**What the task asks**
Down to the final line, write out the data below exactly.

Records contained in a dataset:
-- Opening Marker --
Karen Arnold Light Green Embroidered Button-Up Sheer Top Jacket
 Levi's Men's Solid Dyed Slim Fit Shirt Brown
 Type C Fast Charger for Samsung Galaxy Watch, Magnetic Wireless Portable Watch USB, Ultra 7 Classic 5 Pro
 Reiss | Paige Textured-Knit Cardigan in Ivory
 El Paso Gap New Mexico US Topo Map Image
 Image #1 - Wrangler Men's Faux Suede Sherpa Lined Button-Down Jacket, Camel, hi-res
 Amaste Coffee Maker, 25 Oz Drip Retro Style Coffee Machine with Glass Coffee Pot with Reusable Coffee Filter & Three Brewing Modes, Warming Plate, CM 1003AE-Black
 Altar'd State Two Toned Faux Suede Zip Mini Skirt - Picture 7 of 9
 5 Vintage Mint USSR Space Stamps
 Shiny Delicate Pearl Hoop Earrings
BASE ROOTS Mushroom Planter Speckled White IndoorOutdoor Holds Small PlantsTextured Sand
-- Closing Marker --
**Output below**
Karen Arnold Light Green Embroidered Button-Up Sheer Top Jacket
 Levi's Men's Solid Dyed Slim Fit Shirt Brown
 Type C Fast Charger for Samsung Galaxy Watch, Magnetic Wireless Portable Watch USB, Ultra 7 Classic 5 Pro
 Reiss | Paige Textured-Knit Cardigan in Ivory
 El Paso Gap New Mexico US Topo Map Image
 Image #1 - Wrangler Men's Faux Suede Sherpa Lined Button-Down Jacket, Camel, hi-res
 Amaste Coffee Maker, 25 Oz Drip Retro Style Coffee Machine with Glass Coffee Pot with Reusable Coffee Filter & Three Brewing Modes, Warming Plate, CM 1003AE-Black
 Altar'd State Two Toned Faux Suede Zip Mini Skirt - Picture 7 of 9
 5 Vintage Mint USSR Space Stamps
 Shiny Delicate Pearl Hoop Earrings
BASE ROOTS Mushroom Planter Speckled White IndoorOutdoor Holds Small PlantsTextured Sand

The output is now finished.